Scientists are exploring how plants use volatile compounds to attract pest predators. Researchers refer to these chemicals as herbivore-induced plant volatiles (HIPVs) because they are made in response to a plant-eating pest.
Back in the 1980s, entomologists Marcel Dicke, Ph.D., of Wageningen University (then still a student) and Maurice W. Sabelis, Ph.D., of the University of Amsterdam, both in the Netherlands, were studying spider mites on bean plants when they had a crazy brainstorm. Did the infested bean plants have a mechanism for attracting predatory mites? As it turned out, they did.
Since then, scientists have found that nearly all plants produce HIPVs. For example, corn can release HIPVs under the soil to attract nematodes that parasitize corn rootworms, or above ground to attract parasitic wasps that kill stem-borer larvae. It can even sound the alarm when a stem-borer egg is laid on a corn leaf, before any damage occurs.
At the time, Dicke and Sabelis's discovery attracted little interest from plant breeders. Without realizing it, hybridizers sometimes bred the capability to produce HIPVs out of commercial crop varieties.
But times have changed. Individual plant varieties vary greatly in their ability to produce HIPVs, Dicke says. "There are some varieties that cry for help and others that whisper for help." Growers who use beneficial organisms in pest control want varieties that can "shout" with HIPVs. Breeders are now working with cucumbers to select for greater HIPV production.

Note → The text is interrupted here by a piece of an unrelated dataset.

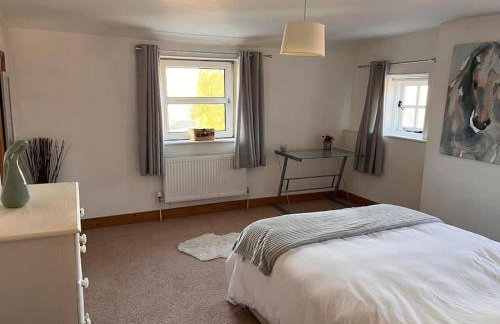 The Paddocks - Photo 12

Scientists also identified which volatiles corn produces when attacked by stem borers, and found that a legume in the genus Desmodium releases the same chemicals all the time. By intercropping corn with Desmodium and planting a grass attractive to stem borers around the perimeter of the field as a trap crop—a system known as "push-pull"—farmers in Kenya increased their yields more than threefold.
The technology that works in Kenya may not help American gardeners who deal with different pests and beneficial insects. More research is needed into how HIPVs might help organic growers. In the meantime, knowing about HIPVs helps us understand how our plants defend themselves against pests—without pesticides.